UPDATE (July 9, 2014): the attached analysis now includes all possible pairwise comparisons (4,320 total) with the released biochemistry data. Analyzing the data this way is the very definition of a “fishing expedition,” and this method is almost certain to lead to finding “statistical” differences that are meaningless. But I wanted to really look at the data to see if any obvious patterns emerged. To summarize those results, only 7% of the possible comparisons were “significant” if we use the standard cutoff value of P=0.05. Most statisticians agree that 0.05 is a pretty arbitrary cutoff, but it is probably the most standard value for “significance.” When we use P=0.05 as our cutoff value for “significant” differences, we can expect that about 5% of the observed “significant” differences to have occured by chance. So these results are very much consistent with what we’d expect purely by chance.

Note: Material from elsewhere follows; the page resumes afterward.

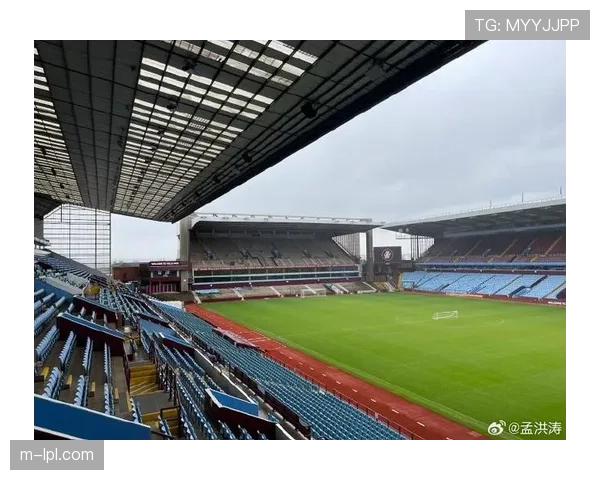 现场报道：维拉公园球场噪音分贝创新高，主队持续高压致对手出球困难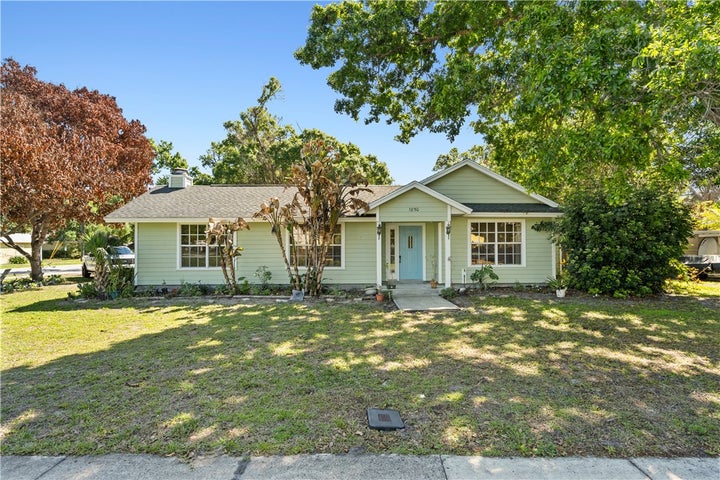 Photo 1 of 32 — 1850 25th Avenue, Vero Beach, FL 32960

Also of note: 119 of the “significant” differences involved the high-dose Roundup in the drinking water treatment. This treatment is really not very interesting because we already know that if a rat is given nothing to drink but a commercially formulated pesticide, it is probably not going to fare well. So 39% of the “significant” differences are due to a treatment that isn’t even remotely relevant to real world use of GMOs or pesticides. Unless you plan to drink formulated Roundup at commercial application rates every day for the rest of your life. If you exclude this treatment, my guess is many of the “significant” differences would go away.

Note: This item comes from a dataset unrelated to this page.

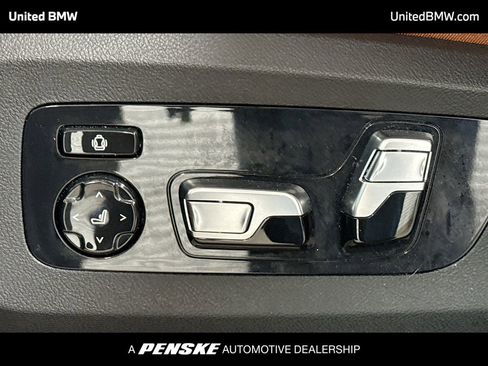 Used 2025 BMW X7 M60i image 4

And finally, only 47 of the “significant” comparisons were between a treatment and the control group (or about 1.1% of the possible comparisons). The whole reason for using a control group is to compare the treatments against. And these differences were scattered throughout the data set, with no obvious patterns that I could find (except perhaps differences with the above-referenced high dose Roundup treatment).